'''
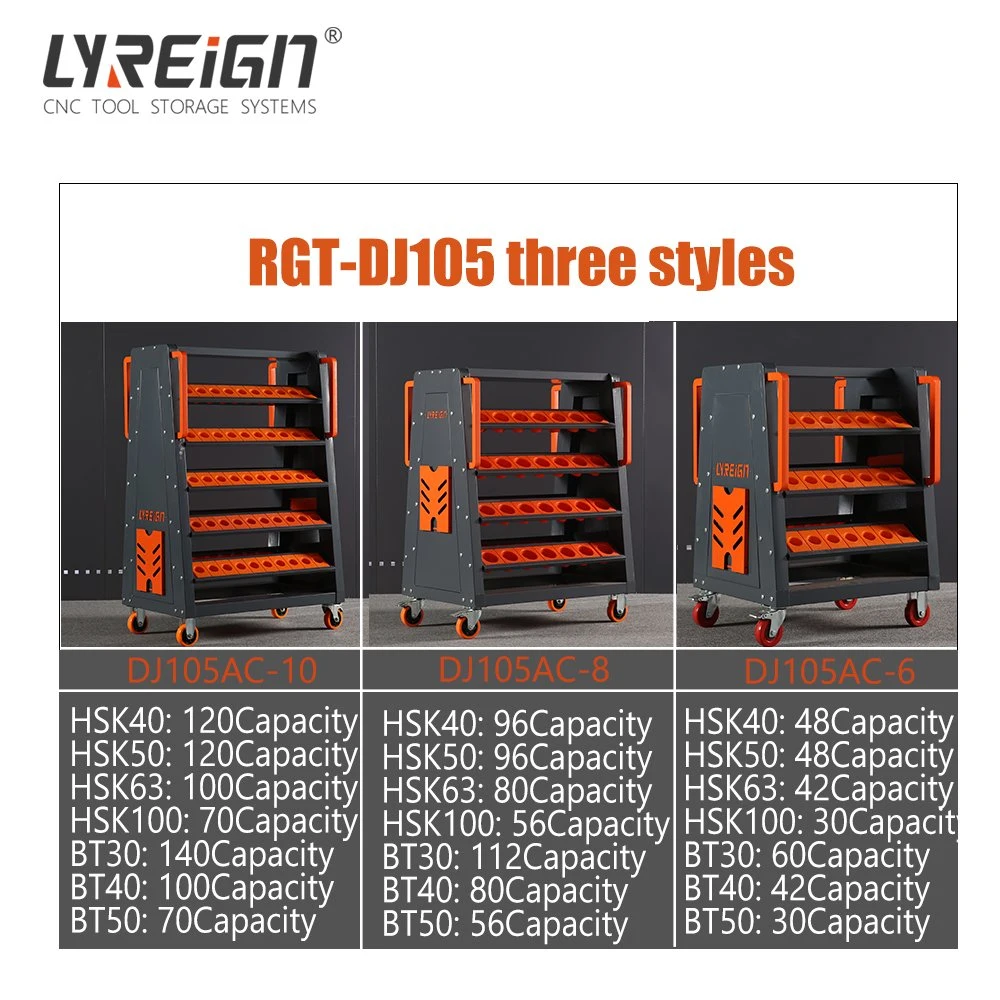 C6 Механическая тележка тележка тележка инструмент CNC стойка BT40-80кепка Стойка для инструментов с ЧПУ большой емкости водонепроницаемая защита от ржавчины устойчива к царапинам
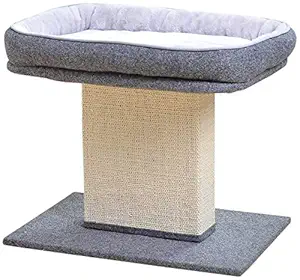 Catry 19?? Cat Bed Sisal Scratching Post Mat Gray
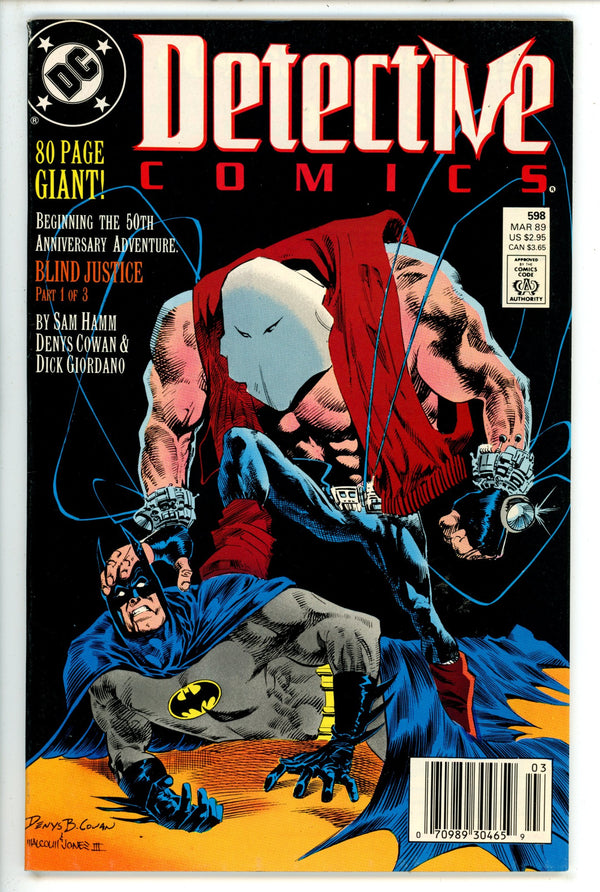 Detective Comics Vol 1 598 Newsstand (1989)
'''
The copy should hold, exactly, the lines from the one containing "Catry 19?? Cat" to the final line of the listing above, with both ends present and no pictures.

[Your solution]:
 Catry 19?? Cat Bed Sisal Scratching Post Mat Gray
 Detective Comics Vol 1 598 Newsstand (1989)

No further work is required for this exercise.